## Exercise
Reproduce the entries that follow, exactly and in full.

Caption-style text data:
· · ·
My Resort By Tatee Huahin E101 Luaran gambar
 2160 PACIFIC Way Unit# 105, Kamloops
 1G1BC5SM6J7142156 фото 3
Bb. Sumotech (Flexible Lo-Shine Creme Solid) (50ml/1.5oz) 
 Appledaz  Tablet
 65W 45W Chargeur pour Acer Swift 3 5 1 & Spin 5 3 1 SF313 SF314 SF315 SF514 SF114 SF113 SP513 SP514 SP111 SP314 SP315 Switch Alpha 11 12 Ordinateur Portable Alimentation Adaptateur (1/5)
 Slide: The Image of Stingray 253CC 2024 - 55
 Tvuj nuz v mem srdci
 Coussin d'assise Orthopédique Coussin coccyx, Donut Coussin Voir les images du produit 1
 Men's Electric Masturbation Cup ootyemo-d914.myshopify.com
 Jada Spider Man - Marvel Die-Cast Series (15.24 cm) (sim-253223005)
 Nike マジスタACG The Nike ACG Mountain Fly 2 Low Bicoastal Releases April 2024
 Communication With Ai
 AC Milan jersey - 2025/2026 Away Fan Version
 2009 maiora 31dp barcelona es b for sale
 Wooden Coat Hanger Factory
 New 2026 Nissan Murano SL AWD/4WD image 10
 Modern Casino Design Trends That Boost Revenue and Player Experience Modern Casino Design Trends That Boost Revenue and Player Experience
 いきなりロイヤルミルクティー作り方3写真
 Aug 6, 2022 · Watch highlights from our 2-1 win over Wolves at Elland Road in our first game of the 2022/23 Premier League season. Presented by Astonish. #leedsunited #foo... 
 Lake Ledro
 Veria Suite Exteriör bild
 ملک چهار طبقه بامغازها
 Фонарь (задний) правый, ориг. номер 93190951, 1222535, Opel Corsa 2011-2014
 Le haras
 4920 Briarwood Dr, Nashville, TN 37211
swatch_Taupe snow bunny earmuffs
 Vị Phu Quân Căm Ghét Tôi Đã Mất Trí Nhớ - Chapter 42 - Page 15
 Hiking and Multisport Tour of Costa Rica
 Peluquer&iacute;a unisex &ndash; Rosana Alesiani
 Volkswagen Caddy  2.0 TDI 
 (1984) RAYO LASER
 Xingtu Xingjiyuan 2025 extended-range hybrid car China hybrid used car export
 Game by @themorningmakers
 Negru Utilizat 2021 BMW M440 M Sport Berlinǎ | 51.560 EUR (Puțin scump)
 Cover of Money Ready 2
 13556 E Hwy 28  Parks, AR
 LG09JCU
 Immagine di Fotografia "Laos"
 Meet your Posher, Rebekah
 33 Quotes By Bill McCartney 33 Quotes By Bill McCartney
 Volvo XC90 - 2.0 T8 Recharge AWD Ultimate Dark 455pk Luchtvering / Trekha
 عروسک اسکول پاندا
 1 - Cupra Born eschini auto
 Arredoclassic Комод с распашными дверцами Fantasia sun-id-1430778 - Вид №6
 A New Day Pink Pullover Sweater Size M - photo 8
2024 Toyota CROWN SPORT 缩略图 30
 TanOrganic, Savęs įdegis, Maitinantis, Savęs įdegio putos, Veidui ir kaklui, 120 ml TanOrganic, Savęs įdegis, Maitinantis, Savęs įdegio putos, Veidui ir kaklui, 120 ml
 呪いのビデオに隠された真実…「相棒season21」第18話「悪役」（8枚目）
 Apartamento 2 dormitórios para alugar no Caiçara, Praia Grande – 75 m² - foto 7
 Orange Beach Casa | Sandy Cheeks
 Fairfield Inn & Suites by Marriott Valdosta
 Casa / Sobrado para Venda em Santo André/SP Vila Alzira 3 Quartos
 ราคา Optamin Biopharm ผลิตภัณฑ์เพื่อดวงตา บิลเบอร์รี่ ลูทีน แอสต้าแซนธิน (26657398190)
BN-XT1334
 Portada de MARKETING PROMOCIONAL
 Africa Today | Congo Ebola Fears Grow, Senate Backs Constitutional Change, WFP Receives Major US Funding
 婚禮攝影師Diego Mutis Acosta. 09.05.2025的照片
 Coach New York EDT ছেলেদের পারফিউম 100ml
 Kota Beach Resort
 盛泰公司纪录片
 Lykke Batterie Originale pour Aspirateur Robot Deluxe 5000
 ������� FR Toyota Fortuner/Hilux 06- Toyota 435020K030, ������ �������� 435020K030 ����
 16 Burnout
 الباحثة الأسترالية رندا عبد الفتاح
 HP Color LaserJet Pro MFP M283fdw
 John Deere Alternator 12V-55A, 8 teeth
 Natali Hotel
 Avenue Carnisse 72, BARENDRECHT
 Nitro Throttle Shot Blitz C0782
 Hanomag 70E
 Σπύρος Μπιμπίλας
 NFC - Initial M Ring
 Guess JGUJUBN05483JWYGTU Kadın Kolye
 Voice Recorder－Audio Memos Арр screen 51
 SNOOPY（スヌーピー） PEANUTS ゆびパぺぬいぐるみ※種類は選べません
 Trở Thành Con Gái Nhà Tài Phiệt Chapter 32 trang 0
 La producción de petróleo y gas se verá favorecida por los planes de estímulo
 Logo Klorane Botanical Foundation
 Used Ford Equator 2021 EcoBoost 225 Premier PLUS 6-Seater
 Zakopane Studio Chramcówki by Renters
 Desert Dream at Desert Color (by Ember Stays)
· · ·
## The answer
My Resort By Tatee Huahin E101 Luaran gambar
 2160 PACIFIC Way Unit# 105, Kamloops
 1G1BC5SM6J7142156 фото 3
Bb. Sumotech (Flexible Lo-Shine Creme Solid) (50ml/1.5oz) 
 Appledaz  Tablet
 65W 45W Chargeur pour Acer Swift 3 5 1 & Spin 5 3 1 SF313 SF314 SF315 SF514 SF114 SF113 SP513 SP514 SP111 SP314 SP315 Switch Alpha 11 12 Ordinateur Portable Alimentation Adaptateur (1/5)
 Slide: The Image of Stingray 253CC 2024 - 55
 Tvuj nuz v mem srdci
 Coussin d'assise Orthopédique Coussin coccyx, Donut Coussin Voir les images du produit 1
 Men's Electric Masturbation Cup ootyemo-d914.myshopify.com
 Jada Spider Man - Marvel Die-Cast Series (15.24 cm) (sim-253223005)
 Nike マジスタACG The Nike ACG Mountain Fly 2 Low Bicoastal Releases April 2024
 Communication With Ai
 AC Milan jersey - 2025/2026 Away Fan Version
 2009 maiora 31dp barcelona es b for sale
 Wooden Coat Hanger Factory
 New 2026 Nissan Murano SL AWD/4WD image 10
 Modern Casino Design Trends That Boost Revenue and Player Experience Modern Casino Design Trends That Boost Revenue and Player Experience
 いきなりロイヤルミルクティー作り方3写真
 Aug 6, 2022 · Watch highlights from our 2-1 win over Wolves at Elland Road in our first game of the 2022/23 Premier League season. Presented by Astonish. #leedsunited #foo... 
 Lake Ledro
 Veria Suite Exteriör bild
 ملک چهار طبقه بامغازها
 Фонарь (задний) правый, ориг. номер 93190951, 1222535, Opel Corsa 2011-2014
 Le haras
 4920 Briarwood Dr, Nashville, TN 37211
swatch_Taupe snow bunny earmuffs
 Vị Phu Quân Căm Ghét Tôi Đã Mất Trí Nhớ - Chapter 42 - Page 15
 Hiking and Multisport Tour of Costa Rica
 Peluquer&iacute;a unisex &ndash; Rosana Alesiani
 Volkswagen Caddy  2.0 TDI 
 (1984) RAYO LASER
 Xingtu Xingjiyuan 2025 extended-range hybrid car China hybrid used car export
 Game by @themorningmakers
 Negru Utilizat 2021 BMW M440 M Sport Berlinǎ | 51.560 EUR (Puțin scump)
 Cover of Money Ready 2
 13556 E Hwy 28  Parks, AR
 LG09JCU
 Immagine di Fotografia "Laos"
 Meet your Posher, Rebekah
 33 Quotes By Bill McCartney 33 Quotes By Bill McCartney
 Volvo XC90 - 2.0 T8 Recharge AWD Ultimate Dark 455pk Luchtvering / Trekha
 عروسک اسکول پاندا
 1 - Cupra Born eschini auto
 Arredoclassic Комод с распашными дверцами Fantasia sun-id-1430778 - Вид №6
 A New Day Pink Pullover Sweater Size M - photo 8
2024 Toyota CROWN SPORT 缩略图 30
 TanOrganic, Savęs įdegis, Maitinantis, Savęs įdegio putos, Veidui ir kaklui, 120 ml TanOrganic, Savęs įdegis, Maitinantis, Savęs įdegio putos, Veidui ir kaklui, 120 ml
 呪いのビデオに隠された真実…「相棒season21」第18話「悪役」（8枚目）
 Apartamento 2 dormitórios para alugar no Caiçara, Praia Grande – 75 m² - foto 7
 Orange Beach Casa | Sandy Cheeks
 Fairfield Inn & Suites by Marriott Valdosta
 Casa / Sobrado para Venda em Santo André/SP Vila Alzira 3 Quartos
 ราคา Optamin Biopharm ผลิตภัณฑ์เพื่อดวงตา บิลเบอร์รี่ ลูทีน แอสต้าแซนธิน (26657398190)
BN-XT1334
 Portada de MARKETING PROMOCIONAL
 Africa Today | Congo Ebola Fears Grow, Senate Backs Constitutional Change, WFP Receives Major US Funding
 婚禮攝影師Diego Mutis Acosta. 09.05.2025的照片
 Coach New York EDT ছেলেদের পারফিউম 100ml
 Kota Beach Resort
 盛泰公司纪录片
 Lykke Batterie Originale pour Aspirateur Robot Deluxe 5000
 ������� FR Toyota Fortuner/Hilux 06- Toyota 435020K030, ������ �������� 435020K030 ����
 16 Burnout
 الباحثة الأسترالية رندا عبد الفتاح
 HP Color LaserJet Pro MFP M283fdw
 John Deere Alternator 12V-55A, 8 teeth
 Natali Hotel
 Avenue Carnisse 72, BARENDRECHT
 Nitro Throttle Shot Blitz C0782
 Hanomag 70E
 Σπύρος Μπιμπίλας
 NFC - Initial M Ring
 Guess JGUJUBN05483JWYGTU Kadın Kolye
 Voice Recorder－Audio Memos Арр screen 51
 SNOOPY（スヌーピー） PEANUTS ゆびパぺぬいぐるみ※種類は選べません
 Trở Thành Con Gái Nhà Tài Phiệt Chapter 32 trang 0
 La producción de petróleo y gas se verá favorecida por los planes de estímulo
 Logo Klorane Botanical Foundation
 Used Ford Equator 2021 EcoBoost 225 Premier PLUS 6-Seater
 Zakopane Studio Chramcówki by Renters
 Desert Dream at Desert Color (by Ember Stays)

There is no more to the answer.